Nicht immer schön, dafür aber sehr effektiv. Nach Angaben vom nba.com/stats spielten nur vier Teams langsamer als Memphis, nur drei Teams verteidigten effektiver (DefRtg: 99,9). Damit ließ sich die vergleichsweise mittelmäßige Offense (OffRtG: 103,1, Platz 13) üblicherweise sehr gut kompensieren.

Alles dreht sich um Gasol

Der Katalysator dafür heißt auf beiden Seiten des Feldes Marc Gasol. Dementsprechend war "Big Spain" im Sommer auch die mit Abstand wichtigste Personalie.

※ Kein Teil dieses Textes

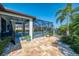 Outdoor patio and pool area with a screened-in enclosure, landscaped yard, and picturesque lake view at 12830 24Th Street E Cir, Parrish, FL 34219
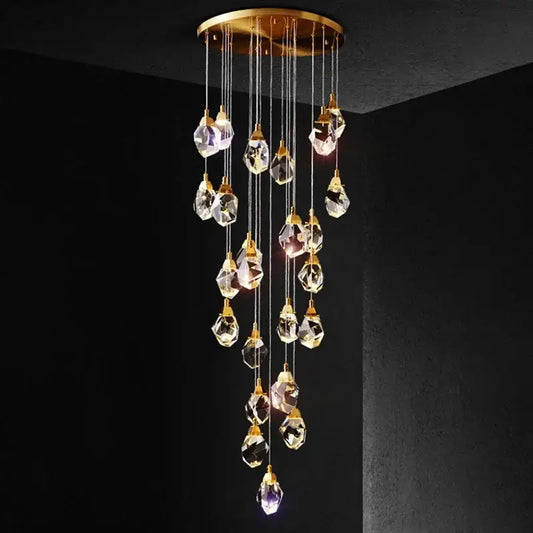 A modern gold elegant crystal chandelier with faceted clear crystals and circular ceiling mount for living room decorbites elegant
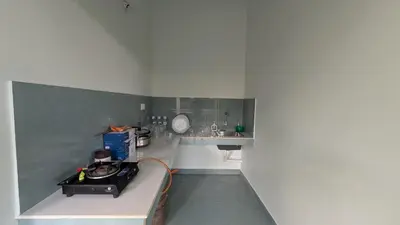 a small kitchen with a counter and a sink at Meghamalhar in Mānantoddy
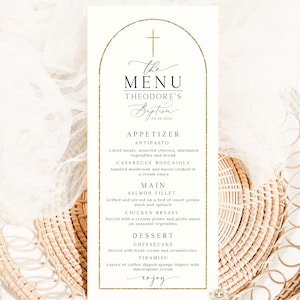 May include: A rectangular menu card with a gold cross and arched frame. The text reads "The Menu" and "Theodore's Baptism" in elegant script. The menu lists appetizers, main courses, and desserts.
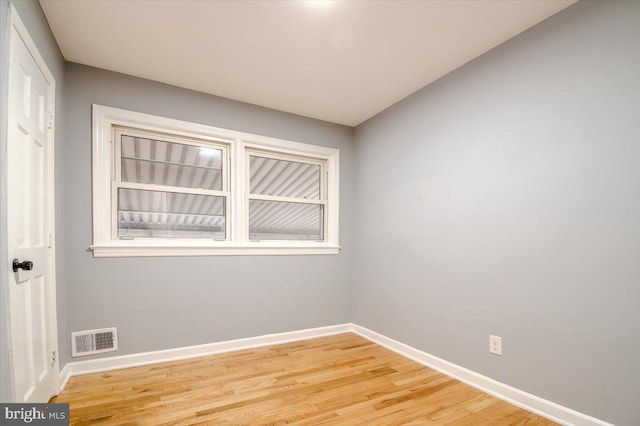 spare room featuring hardwood / wood-style flooring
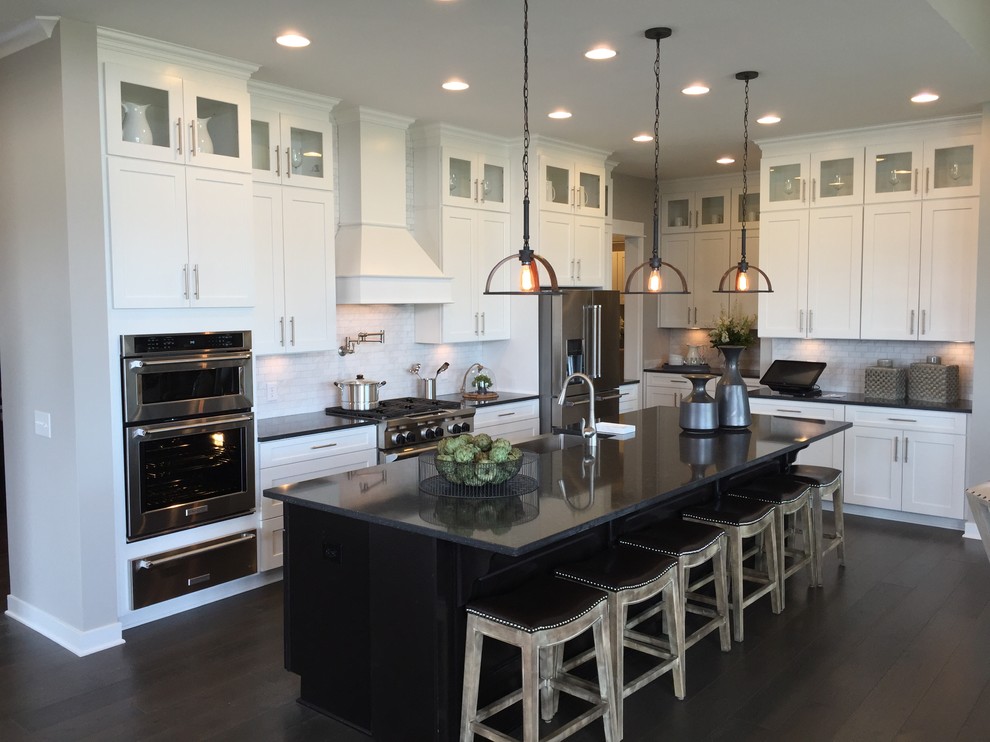 Inspiration for a large transitional l-shaped open plan kitchen in Indianapolis with an undermount sink, shaker cabinets, white cabinets, white splashback, subway tile splashback, stainless steel appliances, dark hardwood floors, with island and soapstone benchtops.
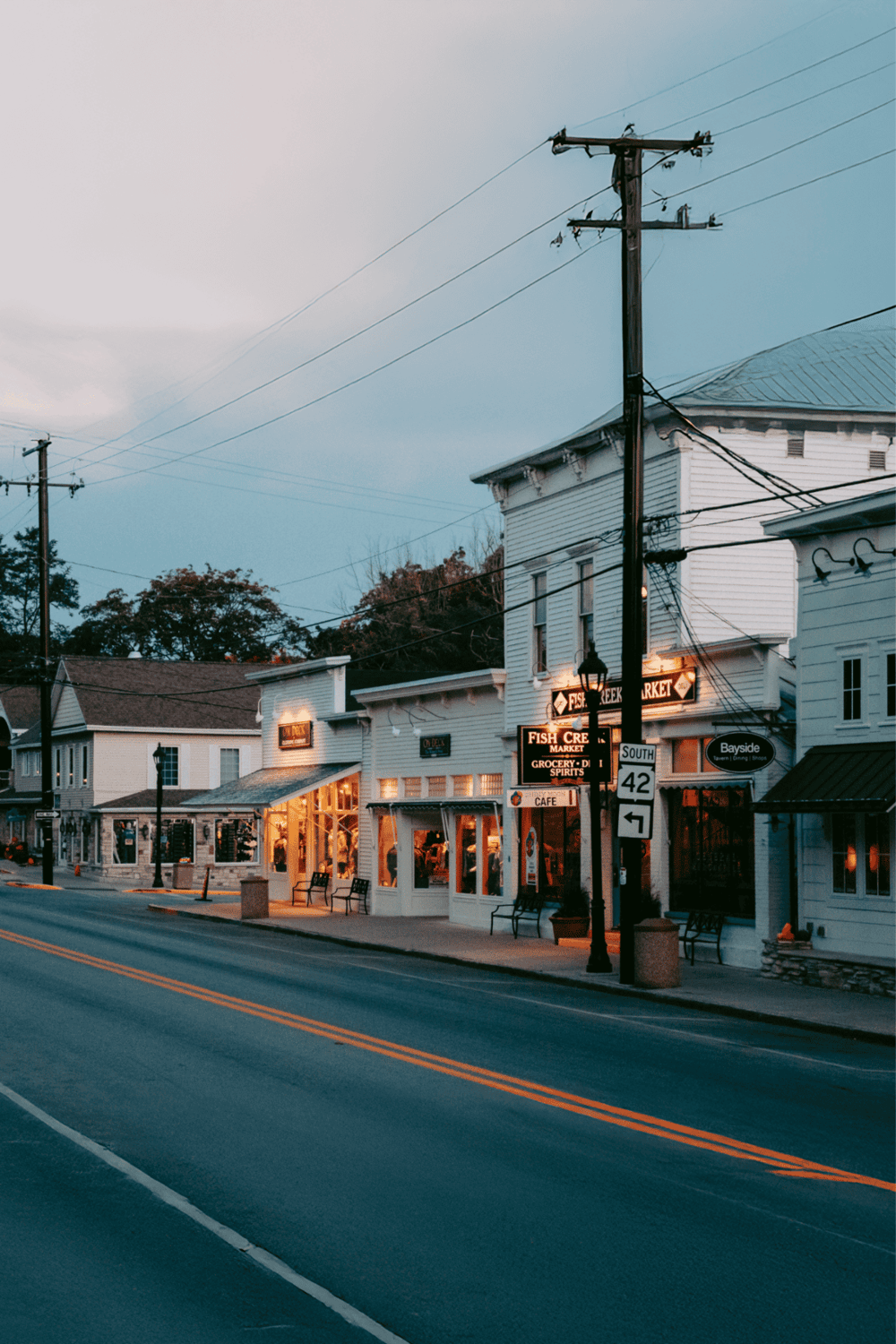 Coastal town street with shops, restaurants, and street signs, scenic seaside village at dusk.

Der Spanier galt als einer der besten Free Agents überhaupt auf dem Markt, und obwohl er nicht einmal Meetings mit anderen Teams abhalten wollte, zitterten die Fans eine Zeit lang um seinen Verbleib.

Umso größer war die Freude, als der neue Maximalvertrag für Gasol nach einigen Wochen in der Free Agency unterschrieben wurde. "Dies ist ein großartiger Tag für die Stadt Memphis und die Grizzlies", sagte etwa Wallace, und fügte hinzu: "Wir haben den besten Center in der NBA. Und daran wird sich in den nächsten Jahren auch nichts ändern."

In der Tat hat sich Gasol schon lange von "Paus dickem kleinen Bruder" zum vielleicht komplettesten Fünfer der Liga entwickelt und stand in der vergangenen Saison völlig zu Recht im All-NBA First Team. Sein Verbleib garantiert den Grizzlies in den nächsten Jahren eine gewisse Relevanz - obwohl diverse andere Spieler des aktuellen Kerns eine ungewisse Zukunft haben.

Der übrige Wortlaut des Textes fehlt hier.